Auto Loader file notification in Databricks relies on Azure Event Grid’s BlobCreated event to trigger notifications for newly created files in Azure Data Lake Gen2. The issue you’re experiencing is a known limitation when files are written via certain methods—such as streamed writes or the Create File API—especially when they use Content-Type application/octet-stream and trigger creation events before the file is fully committed.
Issue Explanation
-
When files are written with the Create File API or via streaming, the BlobCreated event is triggered as soon as the file is initiated, not when it is completely written.
-
As a result, the corresponding Event Grid message may have contentLength = 0, so Auto Loader sees the file as empty and ignores it.
-
When files are uploaded manually (e.g., via Azure Portal/Storage Explorer), the event fires after the file is fully committed, the content type is often set to application/json, and the file is ingested correctly.
Workarounds and Solutions
1. Poll Mode Instead of File Notification
Switching Auto Loader to directory listing (poll) mode will periodically scan for files and pick up those that have finished writing, regardless of the initial event trigger or content type. This can be less real-time but is more robust with respect to such file commit timing issues.
2. Change External System's Write Method
-
If possible, update the external system to upload files in a single operation or set the appropriate content type (application/json), ensuring that BlobCreated events are only fired after the full file is committed.
-
Alternatively, the system could upload to a temporary location, then move the fully written file into the target directory when complete.
3. Event Subscription Advanced Filters
-
Your workaround to filter on additional event details (e.g., data.api: CreateFile) helps to catch more events but does not resolve the core issue, since Event Grid may still fire events for empty/partially committed files.
-
No direct configuration on the Event Grid side can guarantee that only fully committed, non-empty files trigger an event.
4. Post-Processing Validation
If notification mode is required, you might need to build a post-processing validation in your pipeline. For example, before ingesting files, validate their size/content to avoid processing empty files created by incomplete writes.

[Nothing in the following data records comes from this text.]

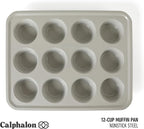 Calphalon Legacy 12 Cup Nonstick PFA Free Cupcake Muffin Pan - Taupe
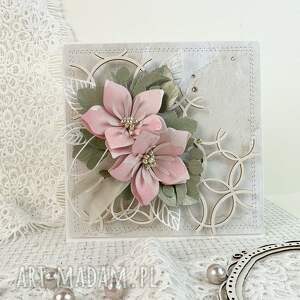 handmade scrapbooking kartki kartka z kwiatami w pudełku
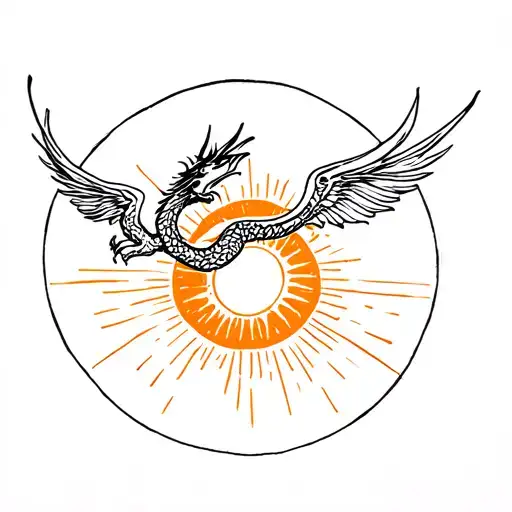 Dragon With Icarus Flying Towards The Sun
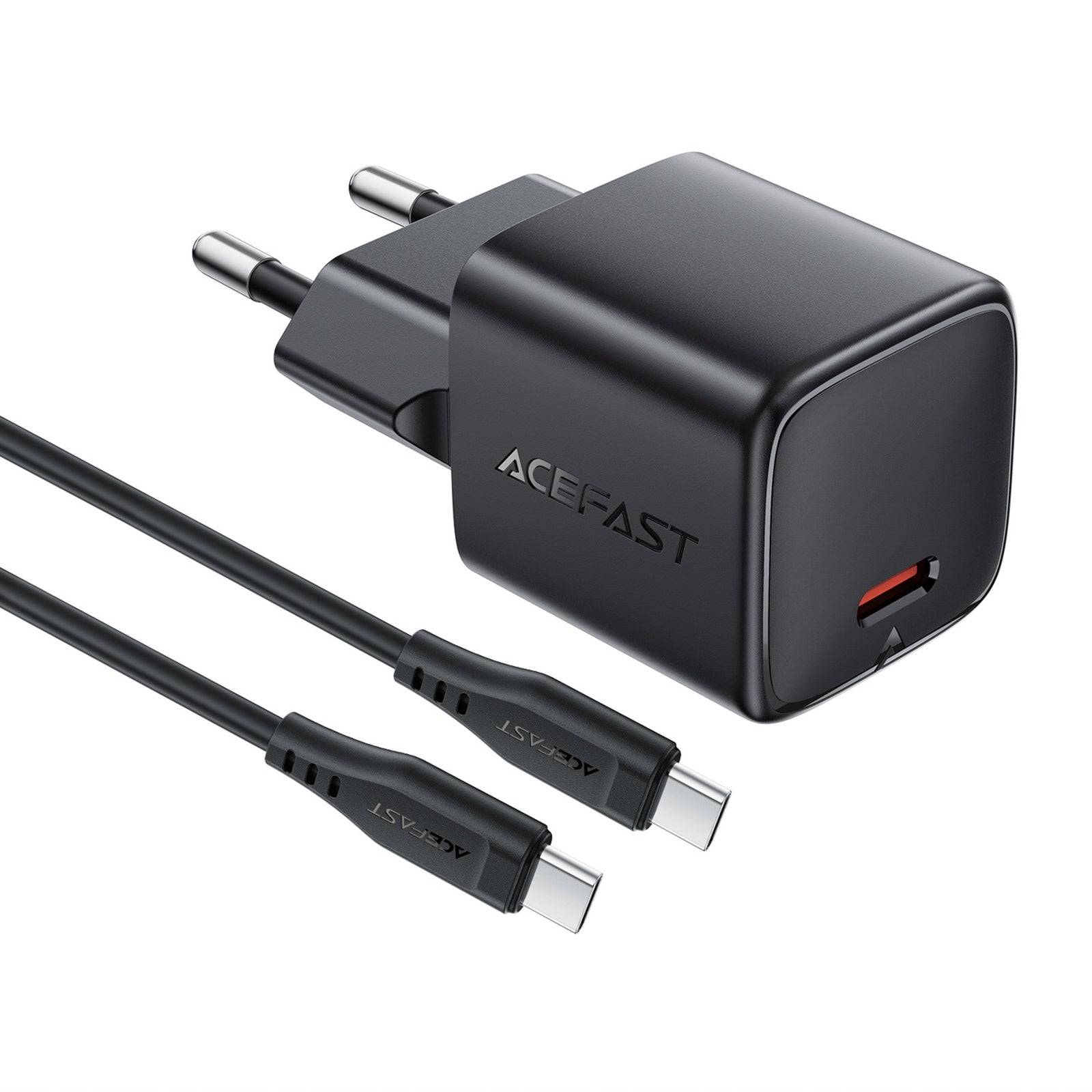 USB-C 30W GaN wall charger with USB-C - Lightning 1.2m cable - black - Carlat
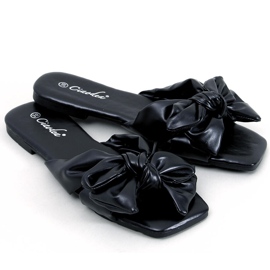 Minnen crne papuče s mašnom crna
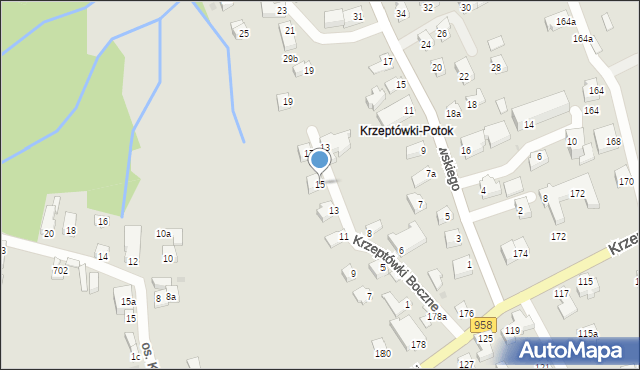 Zakopane, Krzeptówki Boczne, 15, mapa Zakopanego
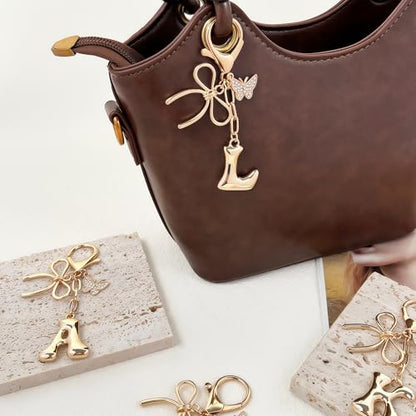 Gold Bubble Heart, Cherry, Bow & More Designs Letter Initial Keychain Bag Charms – Cute Purse Charms for Handbags - color: Bow & Butterfly, style: L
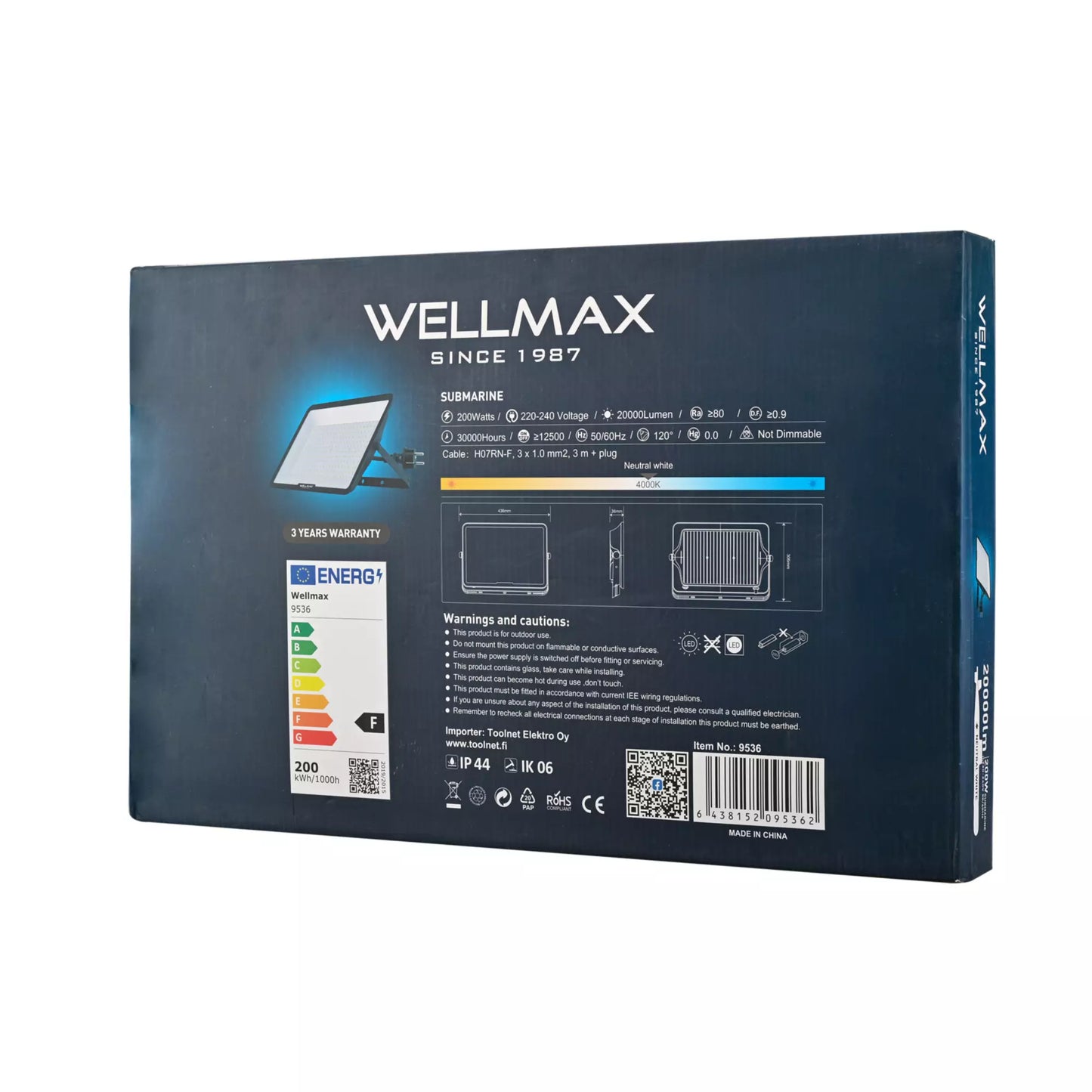 WELLMAX Työvalaisin Samsung LED 200 W, IP66, 20 000 lm, 4000 K, 230 V, 3m H07RN-F 3x1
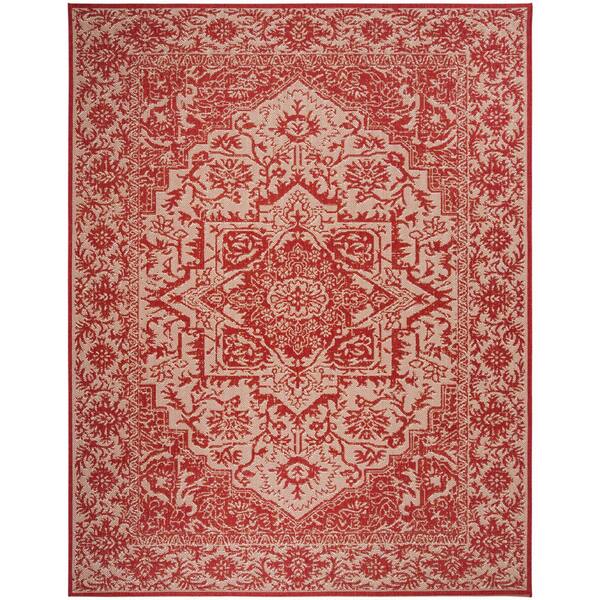 SAFAVIEH Beach House Red/Cream 9 ft. x 12 ft. Oriental Indoor/Outdoor Patio  Area Rug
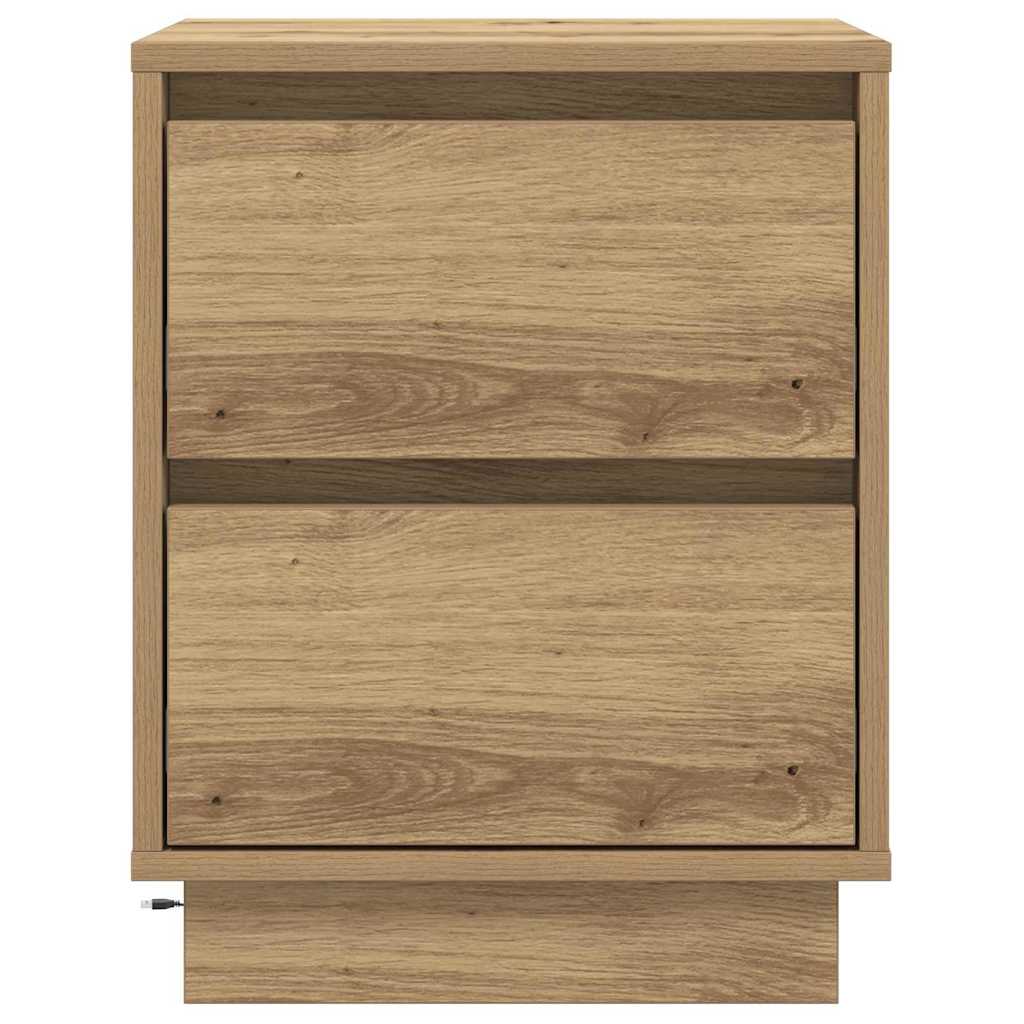 Nachttisch mit 2 pcs Eiche handwerklich 39 x 34,5 x 50 cm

5. File Locking or Marker Files
Implement a marker file strategy: the external system writes a .tmp file or appends a special suffix, then renames or moves the file once the write is complete. Auto Loader can be configured to process only files without the .tmp suffix or marker.
Limitations
This is primarily a limitation of Azure’s event generation logic and how the storage API triggers these events, not Databricks Auto Loader itself. Some updates to Azure Event Grid and Auto Loader are in progress to improve this scenario, but no instant fix currently exists.